- **Records to process**

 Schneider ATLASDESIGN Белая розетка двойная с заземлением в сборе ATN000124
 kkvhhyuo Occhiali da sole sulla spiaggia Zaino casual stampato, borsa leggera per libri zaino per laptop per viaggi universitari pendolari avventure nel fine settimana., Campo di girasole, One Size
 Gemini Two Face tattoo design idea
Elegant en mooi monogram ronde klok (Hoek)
...
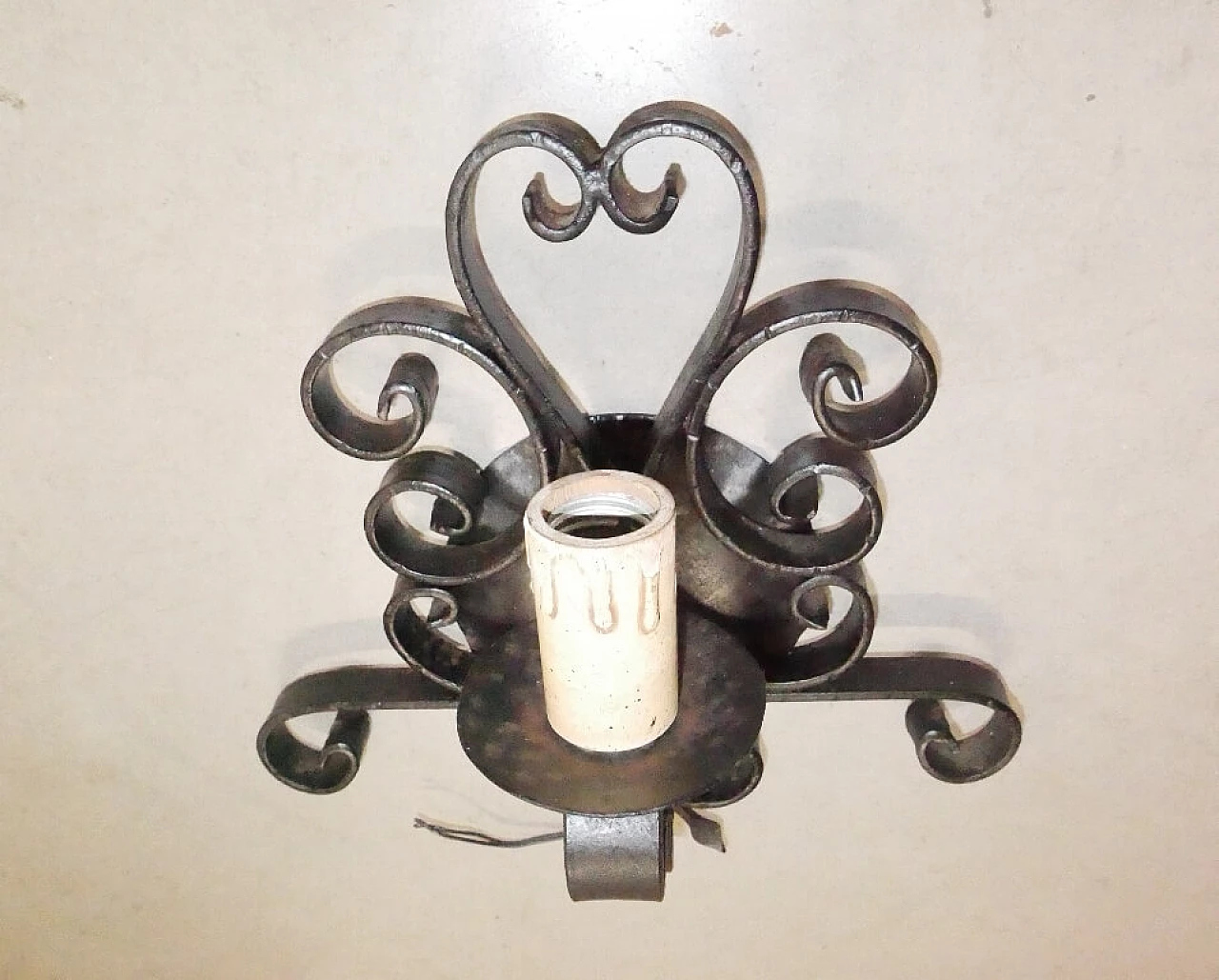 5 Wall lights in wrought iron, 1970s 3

- **Task to carry out**
Beginning at the line with "kkvhhyuo Occhiali da" and ending at the line with "Elegant en mooi monogram ronde klok (Hoek)", reproduce each line of the data above exactly, and add no other lines.

- **Solution to this exercise**
 kkvhhyuo Occhiali da sole sulla spiaggia Zaino casual stampato, borsa leggera per libri zaino per laptop per viaggi universitari pendolari avventure nel fine settimana., Campo di girasole, One Size
 Gemini Two Face tattoo design idea
Elegant en mooi monogram ronde klok (Hoek)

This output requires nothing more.